**RECORDS FOR THIS EXERCISE**
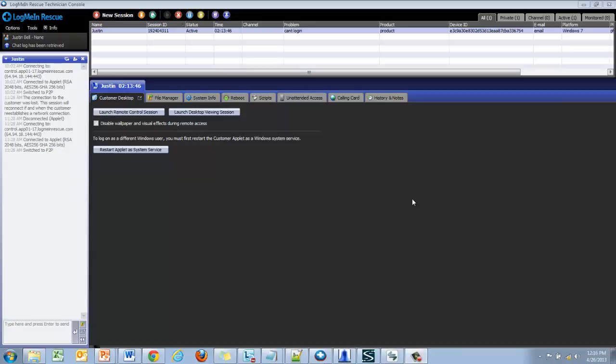Unattended access allows technicians to access a Windows PC without any action from the end user. It is a permission-based tool that requires authorization from the user for initial setup.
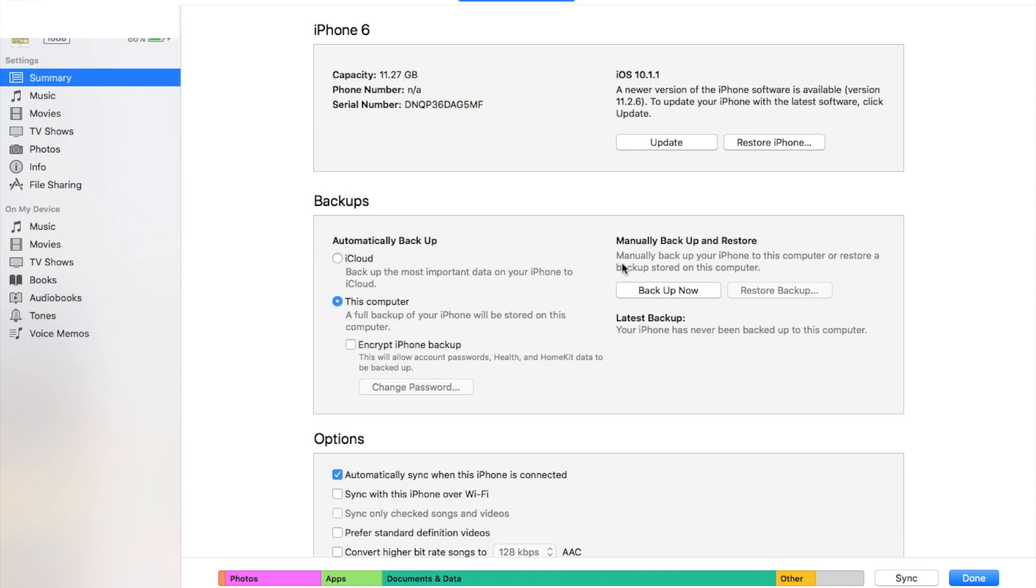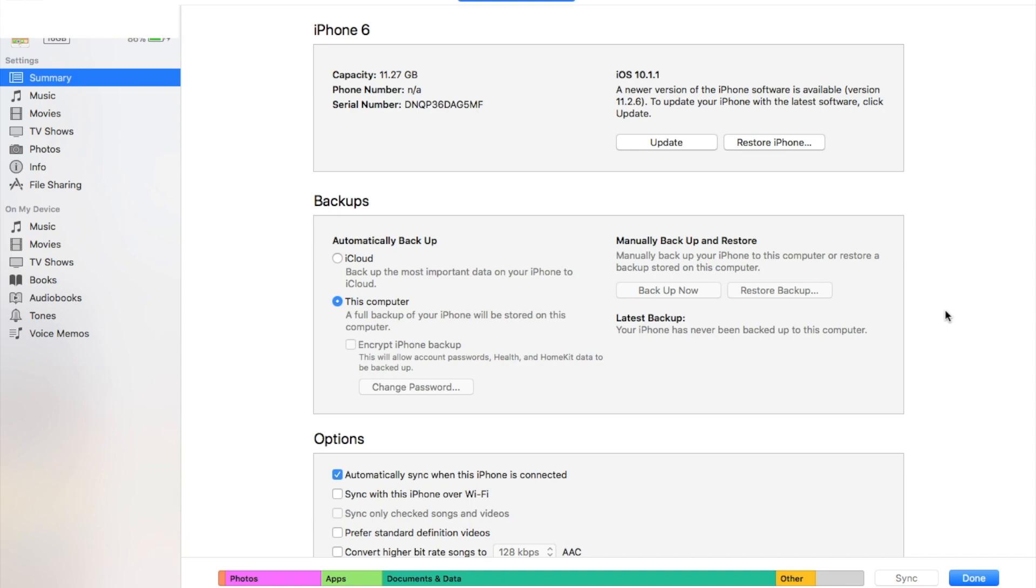And then we're going to come over here and we're going to do a backup by just clicking on the backup now. All right. Now doing that, depending on if this is your first backup or if there's just a couple of things that you need to backup, basically it will take anywhere from a couple of minutes to potentially 15 to 20 minutes. So I'm going to let that run and we'll be right back here in just a sec.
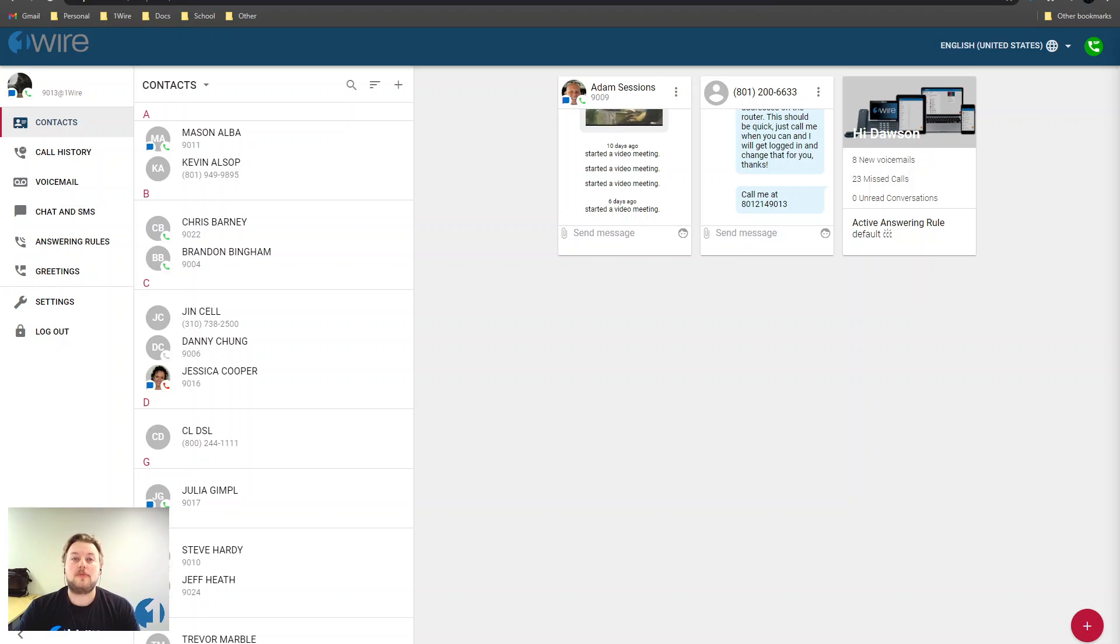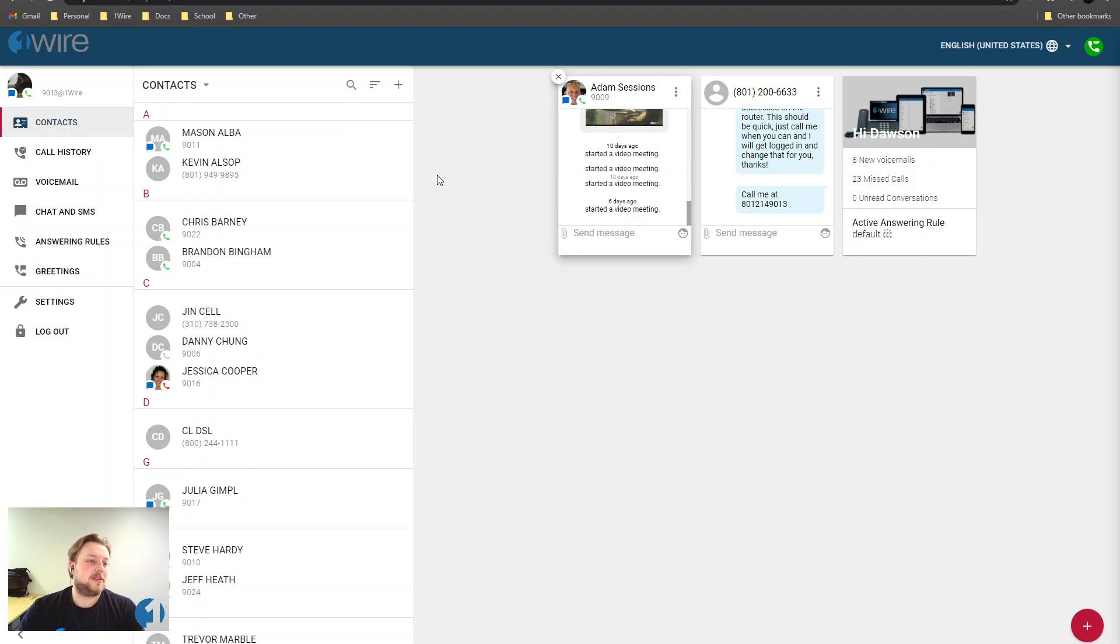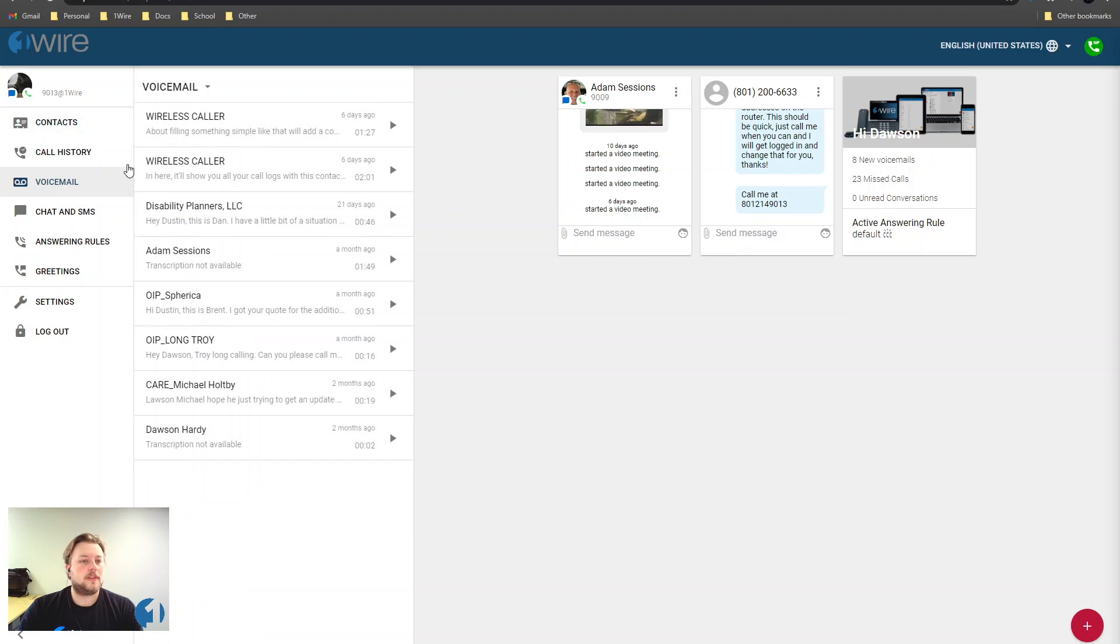If you haven't signed into your web phone, please check the video in our description to get signed in. If you already have, simply click on the voicemail tab here and let's click on a voicemail.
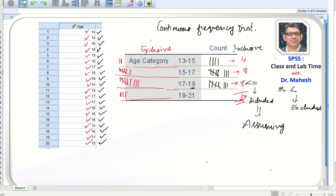In the last class of the inclusive arrangement there are no values. But if we organize the same data using the exclusive method, where the upper limit is excluded, then 15 will be taken in the first class, 17 in the second, and 19 in the third. Using this method we get two values in the first class, then six, then nine, and then three — totaling 20 again.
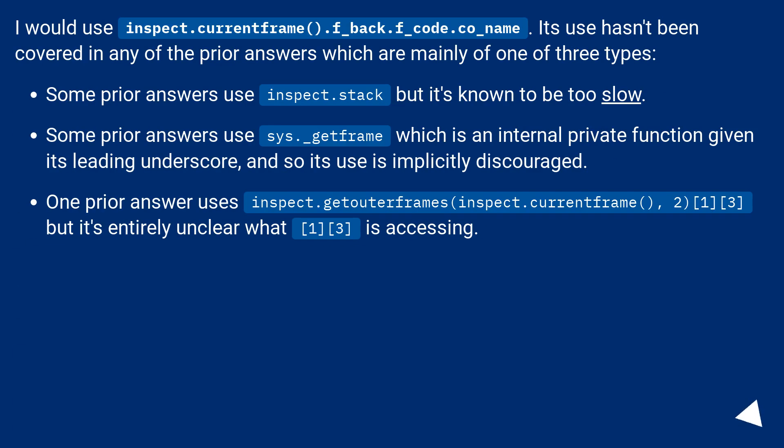I would use inspect.currentframe().f_back.f_code.co_name. Its use hasn't been covered in any of the prior answers, which are mainly of one of three types.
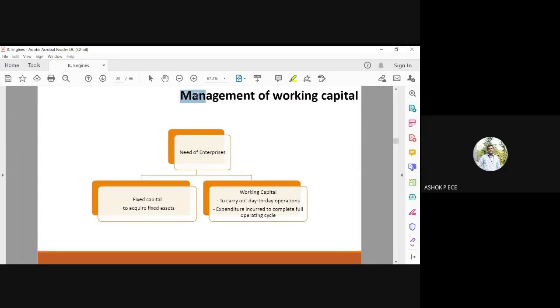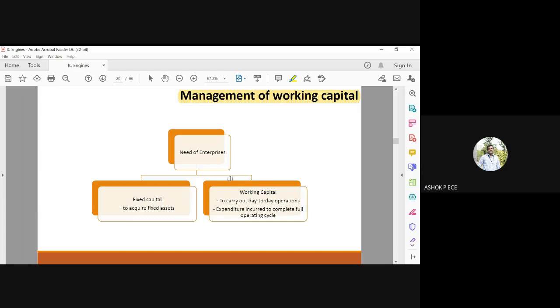Management of working capital: how we are going to meet the expenses and see if the working capital is properly utilized in our company. How we are going to manage the working capital available with us in the company.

**AIM OF THE TASK**
Omit the pictures and print again exactly the lines from the one with "I would use" through the final line of the entries, both ends included.

**TASK OUTPUT**
I would use inspect.currentframe().f_back.f_code.co_name. Its use hasn't been covered in any of the prior answers, which are mainly of one of three types.
Management of working capital: how we are going to meet the expenses and see if the working capital is properly utilized in our company. How we are going to manage the working capital available with us in the company.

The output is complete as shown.